In considering whether the adjustment sought by the applicant is just and equitable, I take into account the applicant's contributions to the acquisition, conservation and improvement of the house. She Contributed $4,000 to the repayment of the purchase price and about $7,000 to maintenance and improvement. She was by far the major contributor as homemaker. Even assuming that the respondent was the major contributor to the reduction of the loan from his father, I assess the applicant's contributions as being at least equal to those of the respondent. In addition, I take into account that the applicant has made, by far, the major contribution to the family as parent. I also take into account that she suffers from chronic arthritis and is dependent upon a disability pension for her income. She has no savings and her only asset is a car worth about $2,000. She has had the custody of the couple's two children since January 2005. The relationship was lengthy. It is just and equitable that she should have 60% of the net equity in the home. As I have said, based upon the valuation and the respondent's February 2009 financial statement, the net equity is $142,000. 60% of this, rounded off, is $85,000. The respondent did not appear at the hearing to oppose the applicant's claim for a payment to her of $85,000. The application for the payment should be granted.
These are the orders:
(1) The applicant has leave to bring the application.
(2) Within 28 days the respondent is to pay to the applicant the sum of $85,000.
(3)In the event that the sum of $85,000 is not paid within 28 days the property at 32 Booth Street, Dunalley, is to be sold in order to raise the necessary funds to enable the respondent to make the payment.

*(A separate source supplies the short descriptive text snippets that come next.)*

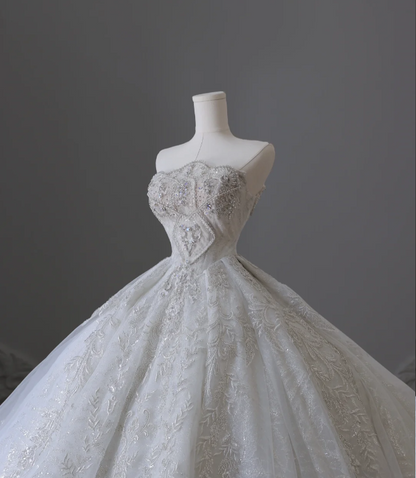 Robe de mariée longue blanche en dentelle, ornée de perles, avec épaules dénudées P2555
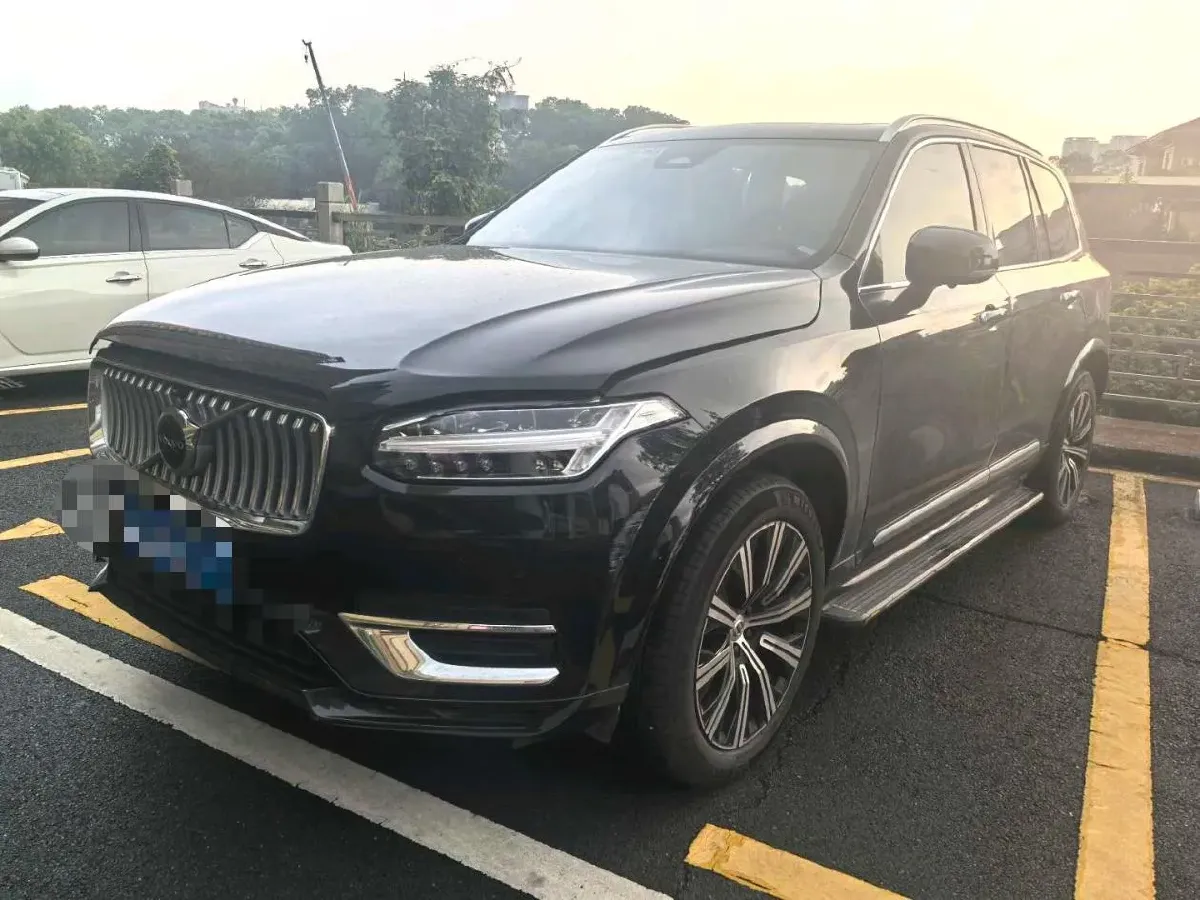 2023 Volvo XC90 2.0T 299HP L4 8AT,autocango,china used car exporter,china ev exporter,chinese used car exporter,chinese used ev exporter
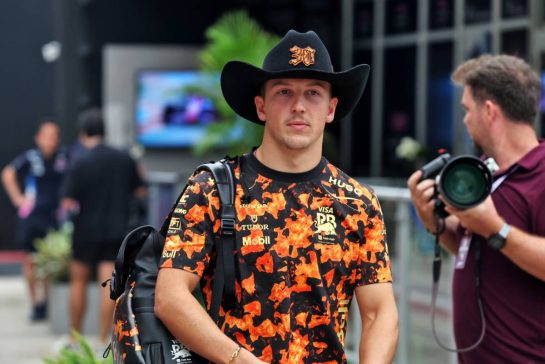 Liam Lawson (NZL) Racing Bulls.
16.10.2025. Formula 1 World Championship, Rd 19, United States Grand Prix, Austin, Texas, USA, Preparation Day.
- www.xpbimages.com, EMail: requests@xpbimages.com &copy; Copyright: Bearne / XPB Images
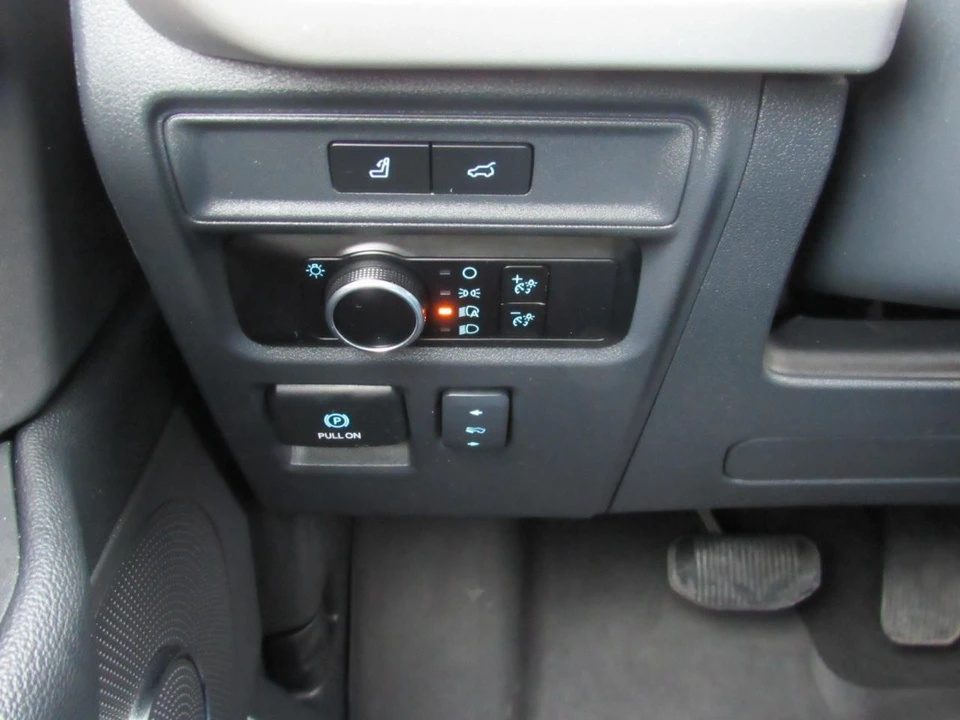 2023 Ford Expedition 5th Gen - Image 15 of 21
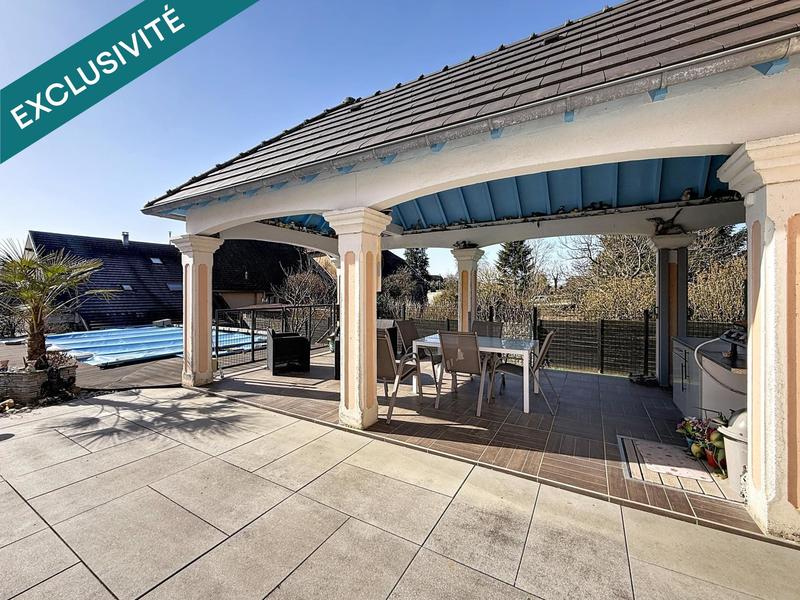 Maison - 440 m² - 10 pièces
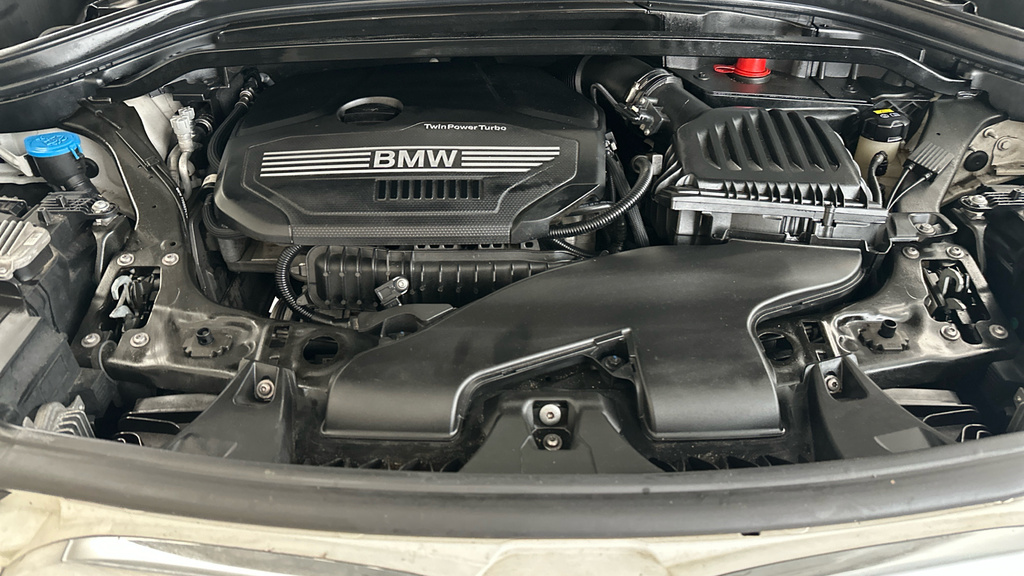 BMW X1 Sdrive 20I Xline Step Grey #20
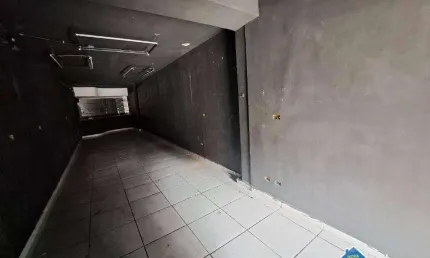 Loja para alugar com 75m² no Boqueirão em Praia Grande/SP
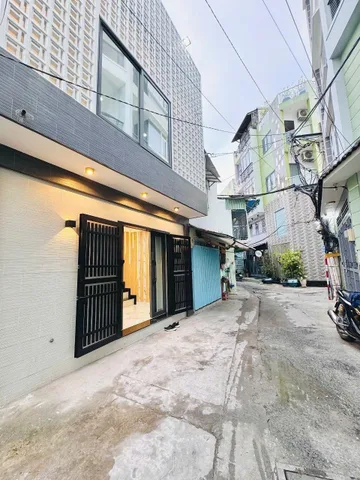 NHÀ 4 TẦNG - HẺM NHỰA 6M XE HƠI TRÁNH - 9 PHÒNG - DÒNG TIỀN 30 TRIỆU/THÁNG - GẦN ĐH BÁCH KHOA & KINGDOM 101
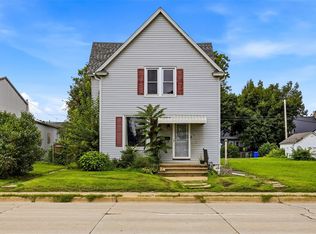 712 6th St SW, Cedar Rapids, IA 52404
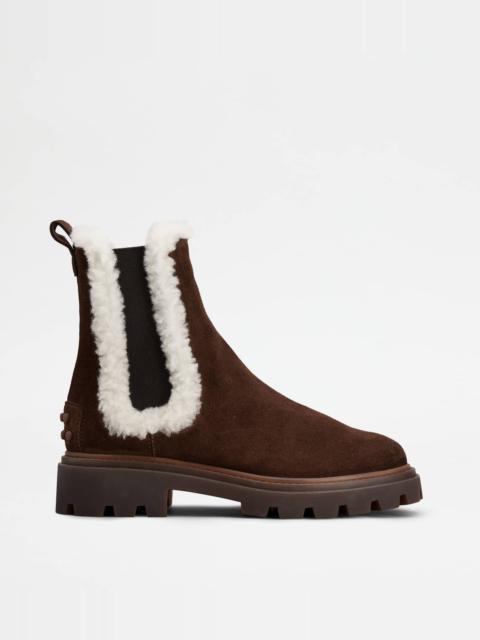Tod's TOD'S CHELSEA BOOTS IN SUEDE AND SHEEPSKIN - BROWN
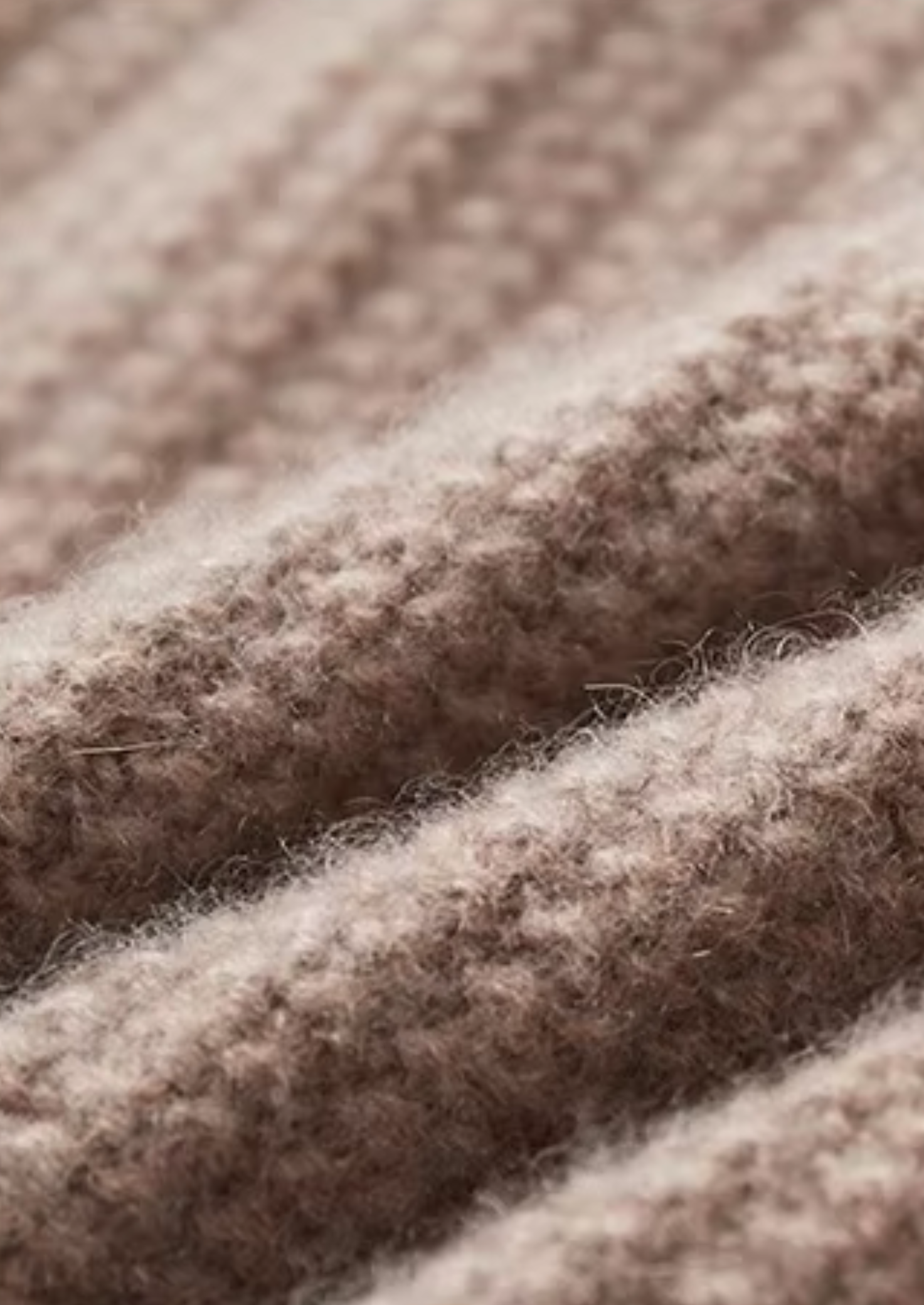 PURE CASHMERE HEAVYWEIGHT CREWNECK EXCLUSIVE RELEASE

(4)The applicant has liberty to apply for such orders and directions as may be necessary or convenient to effect the sale of the property and the payment to her of the sum of $85,000 including orders requiring the respondent to give vacant possession during the marketing process and authorising an officer of the court to execute all such deeds and instruments in the name of the respondent as may be appropriate.
I will hear any application for an order as to the costs of the proceedings on notice to the respondent.